_WHAT NEEDS TO BE DONE_. Will you restate verbatim the lines running from the line with "This is a pixiv" to the end of the data, leaving out everything else?

_EXERCISE MATERIALS_.
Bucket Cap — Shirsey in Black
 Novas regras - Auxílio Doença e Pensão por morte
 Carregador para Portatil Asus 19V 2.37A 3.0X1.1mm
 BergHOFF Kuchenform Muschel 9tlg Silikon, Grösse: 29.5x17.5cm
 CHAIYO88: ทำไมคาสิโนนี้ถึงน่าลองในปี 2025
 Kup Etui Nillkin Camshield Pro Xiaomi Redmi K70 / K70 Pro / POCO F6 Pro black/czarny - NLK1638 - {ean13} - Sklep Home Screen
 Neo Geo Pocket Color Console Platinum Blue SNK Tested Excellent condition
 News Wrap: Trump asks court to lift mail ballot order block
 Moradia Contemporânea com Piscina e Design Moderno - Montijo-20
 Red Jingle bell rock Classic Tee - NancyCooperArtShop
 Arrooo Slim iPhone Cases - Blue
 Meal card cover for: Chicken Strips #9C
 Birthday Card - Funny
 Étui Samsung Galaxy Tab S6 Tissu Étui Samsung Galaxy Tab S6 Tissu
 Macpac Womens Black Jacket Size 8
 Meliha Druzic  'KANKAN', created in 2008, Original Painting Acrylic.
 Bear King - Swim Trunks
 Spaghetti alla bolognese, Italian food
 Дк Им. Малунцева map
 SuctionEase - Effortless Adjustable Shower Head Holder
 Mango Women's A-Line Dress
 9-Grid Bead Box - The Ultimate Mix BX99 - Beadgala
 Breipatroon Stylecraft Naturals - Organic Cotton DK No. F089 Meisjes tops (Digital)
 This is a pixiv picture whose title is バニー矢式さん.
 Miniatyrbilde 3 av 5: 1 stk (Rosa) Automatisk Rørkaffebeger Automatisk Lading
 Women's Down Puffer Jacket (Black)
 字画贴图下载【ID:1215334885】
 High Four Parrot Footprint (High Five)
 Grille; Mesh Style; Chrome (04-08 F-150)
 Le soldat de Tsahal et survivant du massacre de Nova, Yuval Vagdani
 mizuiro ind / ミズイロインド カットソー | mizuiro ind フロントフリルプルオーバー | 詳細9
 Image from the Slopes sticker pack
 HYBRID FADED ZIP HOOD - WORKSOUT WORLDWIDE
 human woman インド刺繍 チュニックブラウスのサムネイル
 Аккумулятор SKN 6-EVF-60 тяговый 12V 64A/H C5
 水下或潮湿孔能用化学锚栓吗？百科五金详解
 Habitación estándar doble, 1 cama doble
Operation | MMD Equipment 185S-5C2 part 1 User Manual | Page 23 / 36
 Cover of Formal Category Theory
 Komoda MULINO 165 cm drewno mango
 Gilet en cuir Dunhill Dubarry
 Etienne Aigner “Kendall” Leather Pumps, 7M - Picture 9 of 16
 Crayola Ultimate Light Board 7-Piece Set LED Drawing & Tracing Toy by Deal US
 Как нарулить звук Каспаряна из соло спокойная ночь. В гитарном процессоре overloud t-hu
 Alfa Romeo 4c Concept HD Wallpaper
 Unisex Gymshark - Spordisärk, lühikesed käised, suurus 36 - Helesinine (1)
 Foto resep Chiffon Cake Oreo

_SOLUTION_.
 This is a pixiv picture whose title is バニー矢式さん.
 Miniatyrbilde 3 av 5: 1 stk (Rosa) Automatisk Rørkaffebeger Automatisk Lading
 Women's Down Puffer Jacket (Black)
 字画贴图下载【ID:1215334885】
 High Four Parrot Footprint (High Five)
 Grille; Mesh Style; Chrome (04-08 F-150)
 Le soldat de Tsahal et survivant du massacre de Nova, Yuval Vagdani
 mizuiro ind / ミズイロインド カットソー | mizuiro ind フロントフリルプルオーバー | 詳細9
 Image from the Slopes sticker pack
 HYBRID FADED ZIP HOOD - WORKSOUT WORLDWIDE
 human woman インド刺繍 チュニックブラウスのサムネイル
 Аккумулятор SKN 6-EVF-60 тяговый 12V 64A/H C5
 水下或潮湿孔能用化学锚栓吗？百科五金详解
 Habitación estándar doble, 1 cama doble
Operation | MMD Equipment 185S-5C2 part 1 User Manual | Page 23 / 36
 Cover of Formal Category Theory
 Komoda MULINO 165 cm drewno mango
 Gilet en cuir Dunhill Dubarry
 Etienne Aigner “Kendall” Leather Pumps, 7M - Picture 9 of 16
 Crayola Ultimate Light Board 7-Piece Set LED Drawing & Tracing Toy by Deal US
 Как нарулить звук Каспаряна из соло спокойная ночь. В гитарном процессоре overloud t-hu
 Alfa Romeo 4c Concept HD Wallpaper
 Unisex Gymshark - Spordisärk, lühikesed käised, suurus 36 - Helesinine (1)
 Foto resep Chiffon Cake Oreo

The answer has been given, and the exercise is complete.